┌─ Data for review

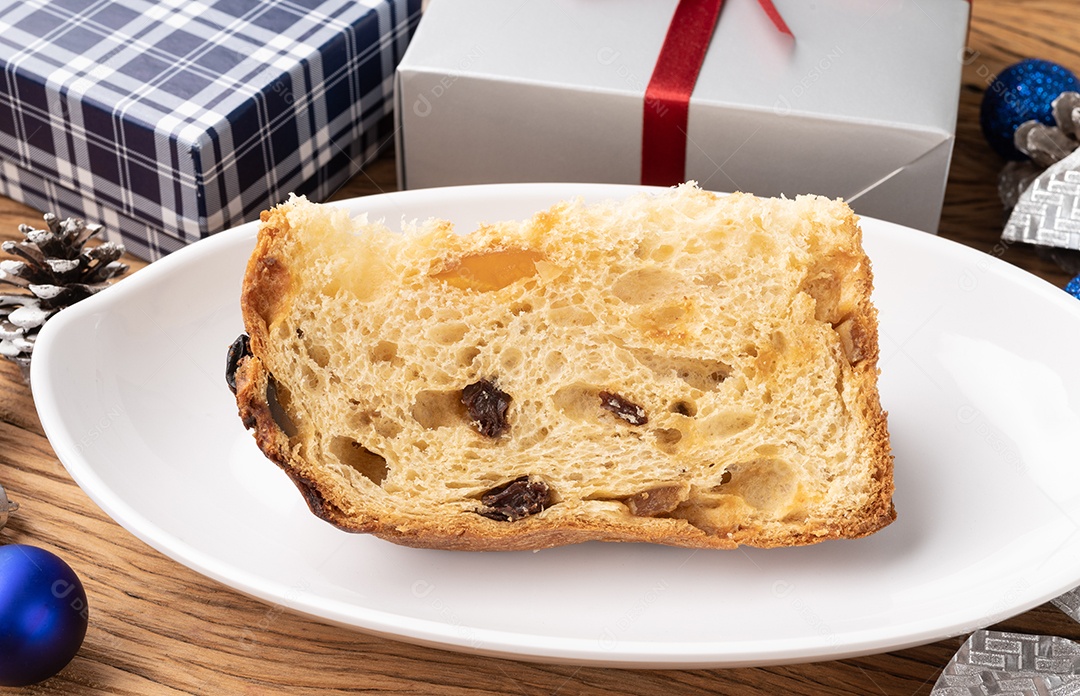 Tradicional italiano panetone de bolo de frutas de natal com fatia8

└─
┌─ Data for review

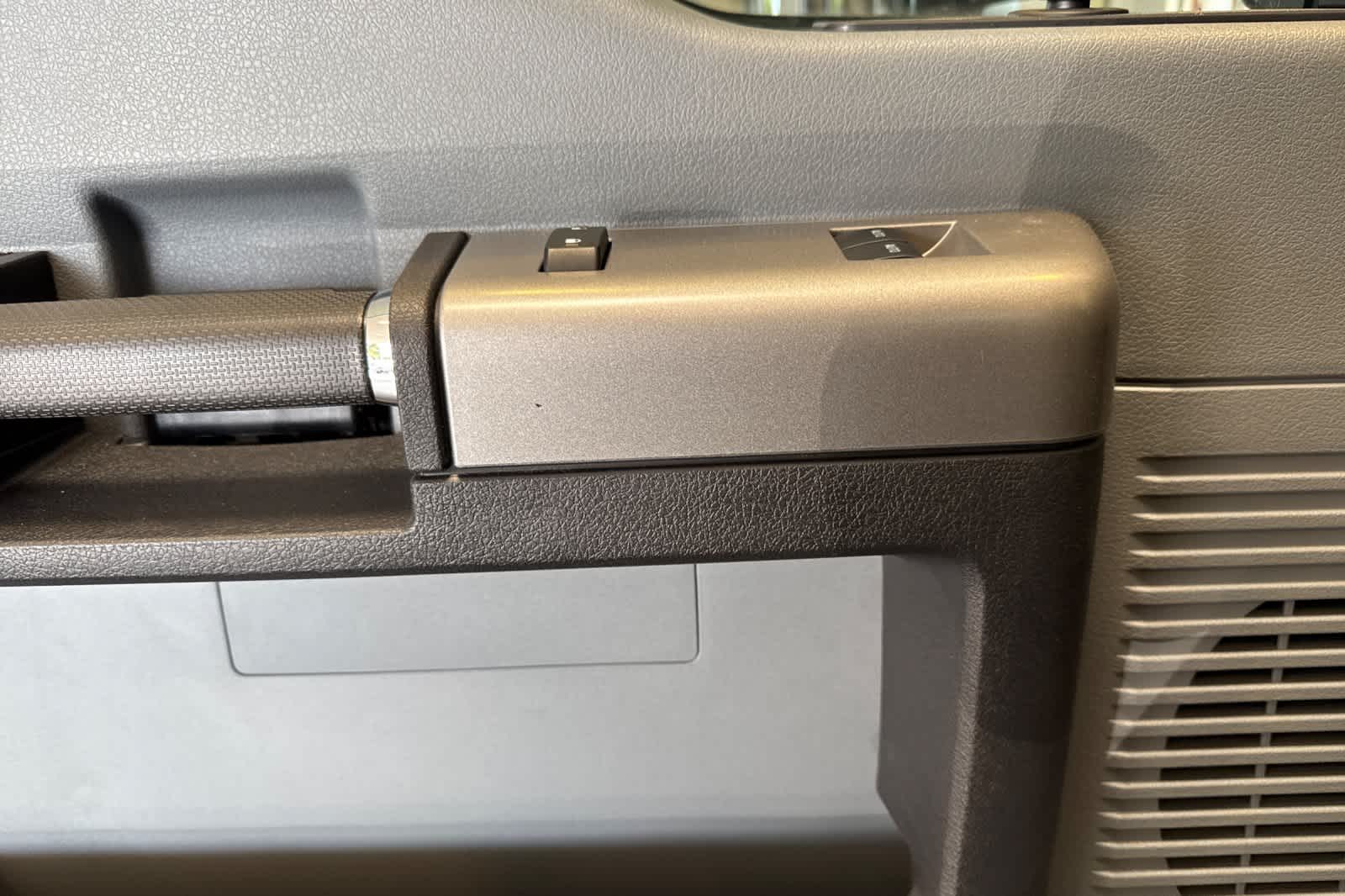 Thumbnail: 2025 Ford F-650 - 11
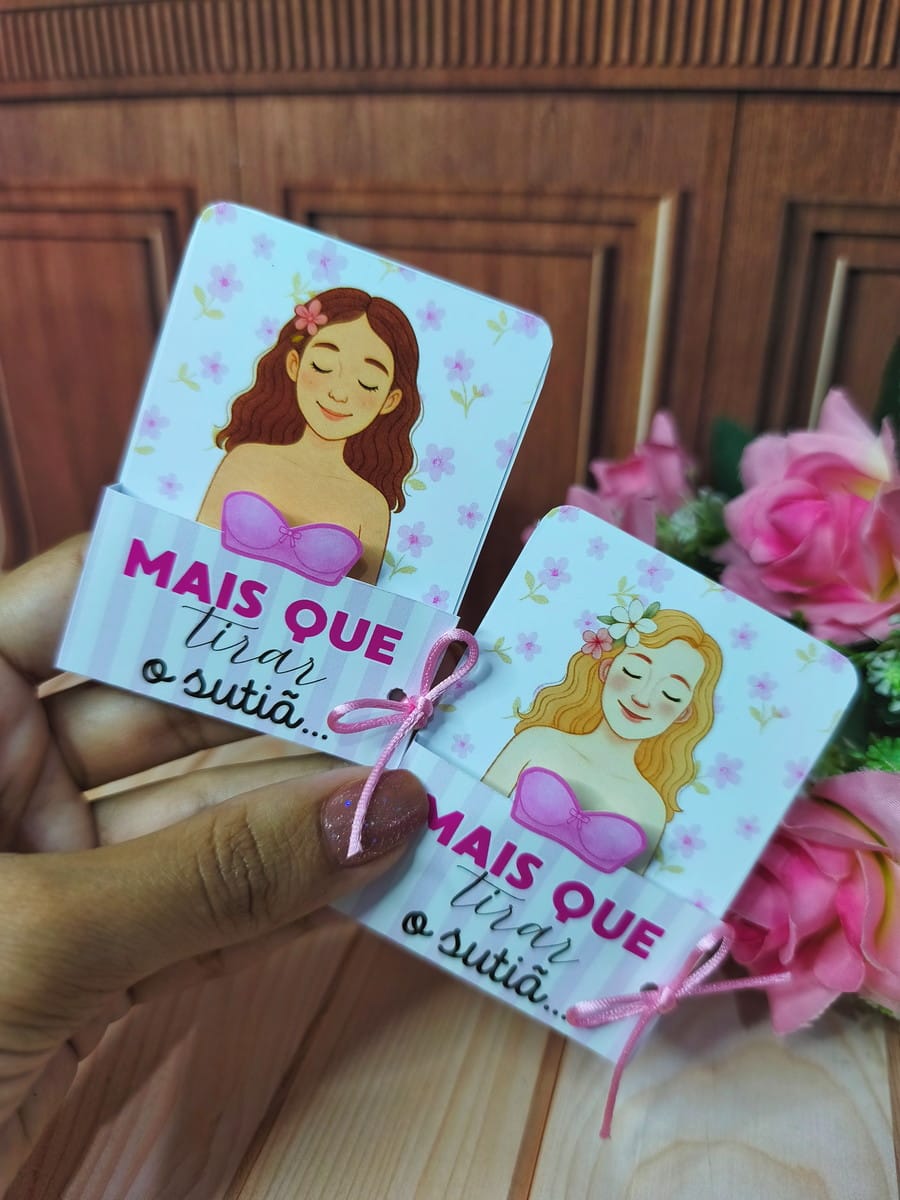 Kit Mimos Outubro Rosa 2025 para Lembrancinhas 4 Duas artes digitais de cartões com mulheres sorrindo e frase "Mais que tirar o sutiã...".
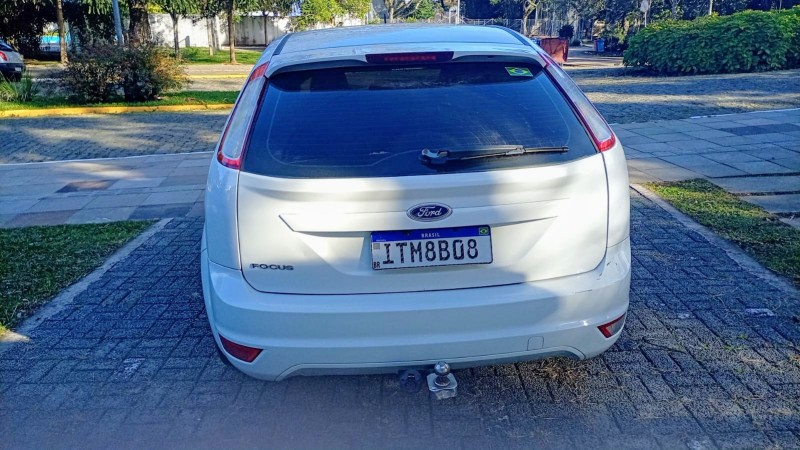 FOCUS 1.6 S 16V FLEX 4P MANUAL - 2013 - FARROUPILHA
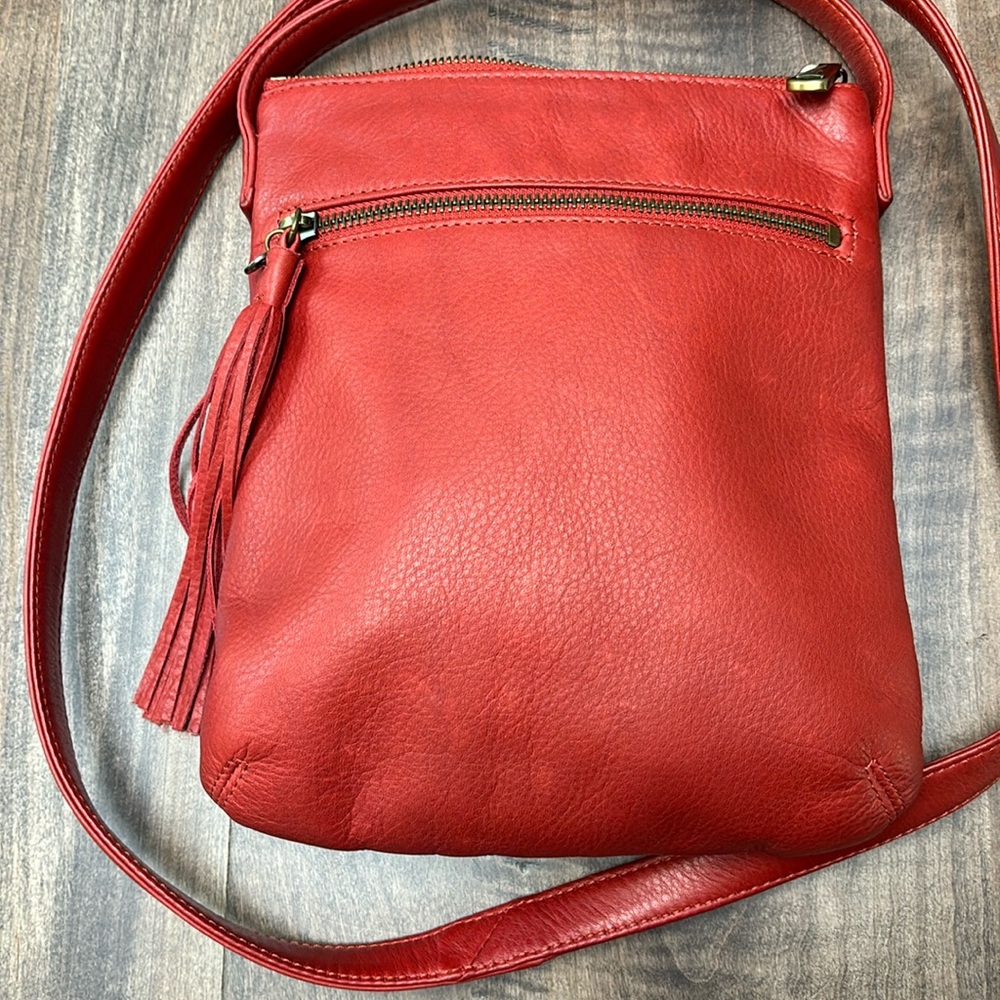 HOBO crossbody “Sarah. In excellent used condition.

└─

→ **What is expected**
Look through the listing above for the line with "Thumbnail: 2025 Ford F-650 - 11" and the line with "excellent used condition.". Write out exactly those lines and everything between, leaving out pictures.

→ **Answer for this exercise**
 Thumbnail: 2025 Ford F-650 - 11
 Kit Mimos Outubro Rosa 2025 para Lembrancinhas 4 Duas artes digitais de cartões com mulheres sorrindo e frase "Mais que tirar o sutiã...".
 FOCUS 1.6 S 16V FLEX 4P MANUAL - 2013 - FARROUPILHA
 HOBO crossbody “Sarah. In excellent used condition.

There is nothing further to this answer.